49 The relevant principles were repeated and endorsed by the Court of Appeal in Alcoa Australia Rolled Products Pty Ltd v Weston Aluminium Pty Ltd; Weston Aluminium Pty Ltd v Environment Protection Authority and Another (2006) 148 LGERA 439, [2006] NSWCA 273, and adopted without comment by the High Court on appeal in Weston Aluminium Pty Ltd v Environment Protection Authority and Another; Alcoa Australia Rolled Products Pty Ltd v Weston Aluminium Pty Ltd (2007) 156 LGERA 283, [2007] HCA 50 (“Alcoa/Weston”). They, therefore, remain as stated by Else-Mitchell J in Ryde Municipal Council v The Royal Ryde Homes and Another (1970) 19 LGRA 321, at 323, by Hope J in Auburn Municipal Council v Szabo and Another (1971) 67 LGRA 427 (“Szabo”), at 433-34, and by Handley JA (on behalf of the Court of Appeal) in Sydney Serviced Apartments Pty Ltd v North Sydney Municipal Council [No.2] (1993) 78 LGERA 404, at 407-8.

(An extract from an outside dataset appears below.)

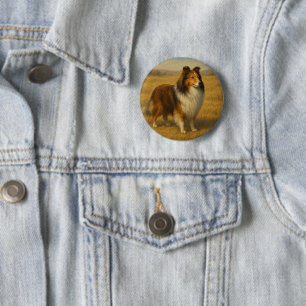 Badge Rond 5 Cm Berger des Shetland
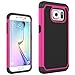 Berry Accessory(TM) [Drop Protection] Protective Case [Shock Proof] [Dual Lawyer] Hybrid Defender Armor Case Cover For Samsung Galaxy S7 Edge With Free Berry logo stand holder(Hot Pink)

50 As summarised by Handley JA, the general rule is that:

          “development consents, being public documents operating in rem for the benefit of successors in title, should be construed without reference to extrinsic evidence other than to identify a thing or place referred to in it. … However reference may properly be made to documents incorporated expressly or by implication into the consent.”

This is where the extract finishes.